# [What is expected]
Starting with the line that contains "a view of a city" and stopping after the line that contains "Embroidery hoop with", copy the entries below exactly. Include nothing else.

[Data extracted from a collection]

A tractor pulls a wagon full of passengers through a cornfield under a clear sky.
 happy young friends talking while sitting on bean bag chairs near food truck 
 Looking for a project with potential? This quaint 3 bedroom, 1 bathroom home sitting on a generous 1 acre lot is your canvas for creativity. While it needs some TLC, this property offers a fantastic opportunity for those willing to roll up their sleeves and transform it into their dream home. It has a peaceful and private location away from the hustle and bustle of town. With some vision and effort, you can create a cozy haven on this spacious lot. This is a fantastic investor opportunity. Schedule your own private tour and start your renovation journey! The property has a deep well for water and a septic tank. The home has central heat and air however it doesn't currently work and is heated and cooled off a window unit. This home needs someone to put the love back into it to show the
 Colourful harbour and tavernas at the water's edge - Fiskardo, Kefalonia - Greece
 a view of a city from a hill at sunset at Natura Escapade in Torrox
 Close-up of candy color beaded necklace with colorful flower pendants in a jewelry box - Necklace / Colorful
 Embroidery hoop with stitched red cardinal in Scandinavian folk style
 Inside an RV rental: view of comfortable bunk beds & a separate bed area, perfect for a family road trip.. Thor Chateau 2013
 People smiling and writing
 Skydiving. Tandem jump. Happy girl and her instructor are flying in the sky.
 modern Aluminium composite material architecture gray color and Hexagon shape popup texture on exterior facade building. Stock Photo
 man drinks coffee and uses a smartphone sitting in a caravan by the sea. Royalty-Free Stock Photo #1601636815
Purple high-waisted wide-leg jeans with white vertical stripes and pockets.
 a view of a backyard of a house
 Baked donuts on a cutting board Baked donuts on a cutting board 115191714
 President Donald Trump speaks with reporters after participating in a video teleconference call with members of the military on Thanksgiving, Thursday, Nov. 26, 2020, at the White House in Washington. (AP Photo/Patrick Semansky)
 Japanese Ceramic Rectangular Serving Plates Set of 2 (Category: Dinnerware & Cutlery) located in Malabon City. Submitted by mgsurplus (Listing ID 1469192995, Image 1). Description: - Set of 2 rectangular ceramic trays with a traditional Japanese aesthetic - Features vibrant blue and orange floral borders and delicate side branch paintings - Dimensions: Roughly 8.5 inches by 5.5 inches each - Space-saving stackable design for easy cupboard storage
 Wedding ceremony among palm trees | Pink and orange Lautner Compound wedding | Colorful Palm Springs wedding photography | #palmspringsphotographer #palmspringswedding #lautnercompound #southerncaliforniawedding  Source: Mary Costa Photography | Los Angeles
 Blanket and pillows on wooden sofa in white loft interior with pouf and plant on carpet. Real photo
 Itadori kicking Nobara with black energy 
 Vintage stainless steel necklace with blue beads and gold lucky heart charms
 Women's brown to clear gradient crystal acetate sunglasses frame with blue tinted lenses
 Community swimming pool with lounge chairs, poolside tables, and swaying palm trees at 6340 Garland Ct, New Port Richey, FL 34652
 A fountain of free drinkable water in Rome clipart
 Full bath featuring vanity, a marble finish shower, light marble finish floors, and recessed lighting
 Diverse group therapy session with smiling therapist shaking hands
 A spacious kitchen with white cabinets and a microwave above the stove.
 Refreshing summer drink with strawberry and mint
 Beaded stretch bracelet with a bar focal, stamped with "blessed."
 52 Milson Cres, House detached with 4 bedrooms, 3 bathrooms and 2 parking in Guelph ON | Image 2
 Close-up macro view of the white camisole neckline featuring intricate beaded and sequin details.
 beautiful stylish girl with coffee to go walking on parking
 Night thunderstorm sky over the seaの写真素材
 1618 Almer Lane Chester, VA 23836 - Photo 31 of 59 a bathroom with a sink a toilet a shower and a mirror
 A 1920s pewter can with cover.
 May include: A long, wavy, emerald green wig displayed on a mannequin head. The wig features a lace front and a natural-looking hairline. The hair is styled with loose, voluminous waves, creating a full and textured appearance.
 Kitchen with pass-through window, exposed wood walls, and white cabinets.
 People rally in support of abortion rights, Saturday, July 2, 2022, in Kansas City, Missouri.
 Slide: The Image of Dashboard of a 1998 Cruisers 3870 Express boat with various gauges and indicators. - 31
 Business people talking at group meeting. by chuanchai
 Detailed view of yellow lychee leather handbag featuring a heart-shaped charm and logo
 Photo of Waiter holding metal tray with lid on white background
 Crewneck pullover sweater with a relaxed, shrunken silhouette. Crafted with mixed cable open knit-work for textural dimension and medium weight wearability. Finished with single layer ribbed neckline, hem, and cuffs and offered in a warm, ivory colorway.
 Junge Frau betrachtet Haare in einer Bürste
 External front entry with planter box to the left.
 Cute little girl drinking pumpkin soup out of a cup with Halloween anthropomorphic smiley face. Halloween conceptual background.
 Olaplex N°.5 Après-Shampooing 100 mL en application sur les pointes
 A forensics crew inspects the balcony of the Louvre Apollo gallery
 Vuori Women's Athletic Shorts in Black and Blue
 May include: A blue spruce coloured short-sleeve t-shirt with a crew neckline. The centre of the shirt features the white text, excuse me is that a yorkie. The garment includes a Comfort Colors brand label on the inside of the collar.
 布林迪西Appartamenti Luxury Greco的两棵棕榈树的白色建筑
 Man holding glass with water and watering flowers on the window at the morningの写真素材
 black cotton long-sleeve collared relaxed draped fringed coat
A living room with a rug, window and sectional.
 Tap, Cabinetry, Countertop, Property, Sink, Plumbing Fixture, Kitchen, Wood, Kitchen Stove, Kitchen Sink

# [Result for this task]
 a view of a city from a hill at sunset at Natura Escapade in Torrox
 Close-up of candy color beaded necklace with colorful flower pendants in a jewelry box - Necklace / Colorful
 Embroidery hoop with stitched red cardinal in Scandinavian folk style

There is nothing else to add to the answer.